May 19, 2008
Throughout Europe, barriers to collaboration between the public and private sectors – in particular when it comes to sharing revenues and cost – persist. They prevent the exploitation of public-funded research and the transformation of findings into patents and innovations generating growth.
While science has become increasingly important for innovation and thus competitiveness, the European Commission argues that “making better use of publicly funded R&D is a significant problem” in the EU.
Increasing access to knowledge by sharing research results and improving knowledge transfer between public research and industry was identified, in April 2007, as one of the objectives of the relaunched European Research Area (ERA). A Commission Communication on improving knowledge transfer between research institutions and industry across Europe calls for better exploitation of research results and reveals that an average university in Europe generates far fewer inventions and patents compared to its North American counterpart.
EU member states have introduced a number of initiatives to facilitate knowledge transfer between public research organisations and the private sector, including legislative changes, guidelines and model contracts – without much success.
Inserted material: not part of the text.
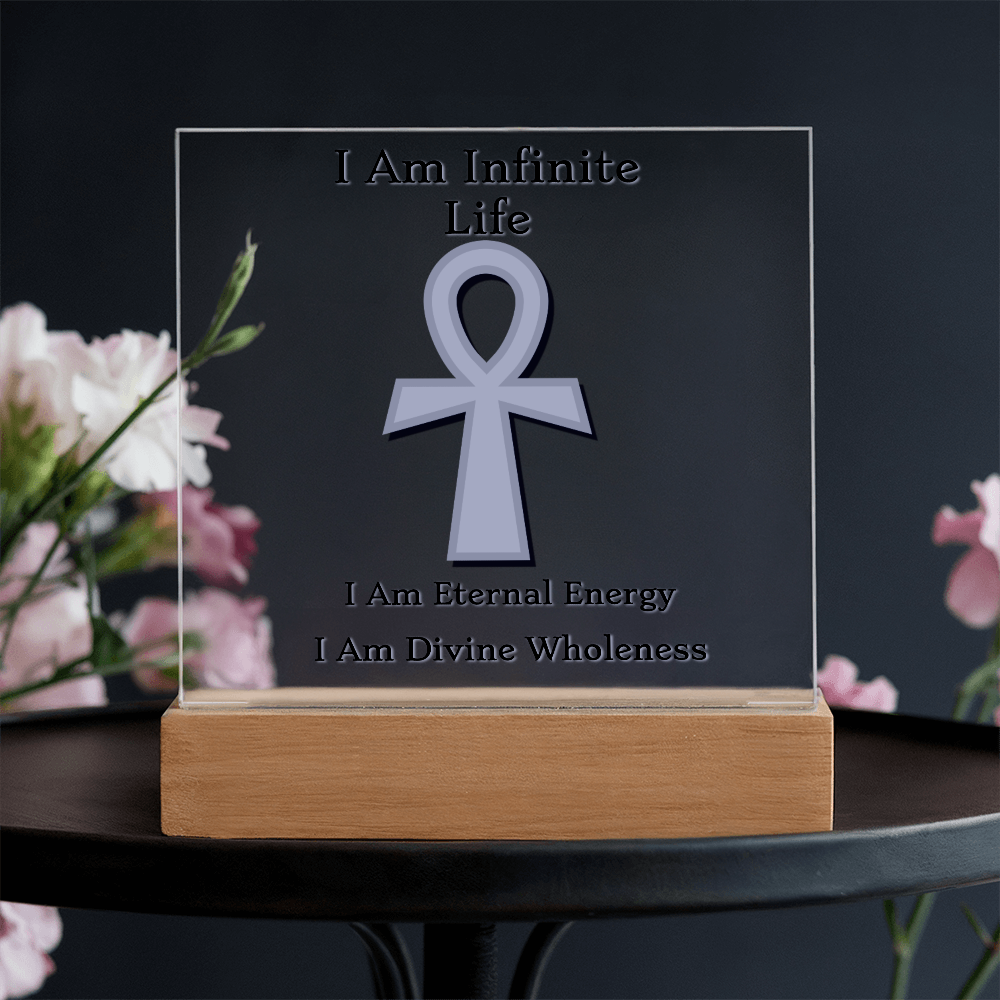 "I Am Infinite Life" – Ankh Acrylic Plaque ✨𓋹✨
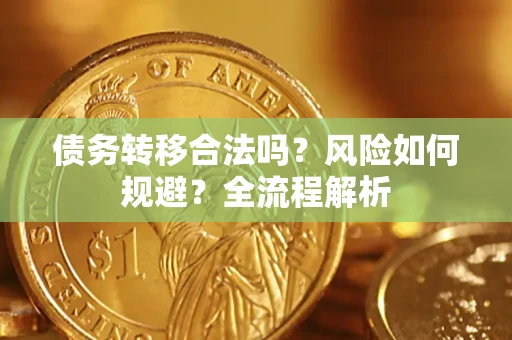 武汉债务转移合法吗？风险如何规避？全流程解析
A Commission-led stakeholder consultation on existing knowledge-transfer systems and the legal situation regarding transnational research co-operation identified three major obstacles to transnational research collaboration:
- Cultural differences;
- regulatory differences, and;
- difficulties in finding partners.
For these reasons, both public- and private-sector actors consider short-term co-operation to be unattractive and complicated and would consider transnational collaboration of interest only if it is part of a long-term, structured alliance.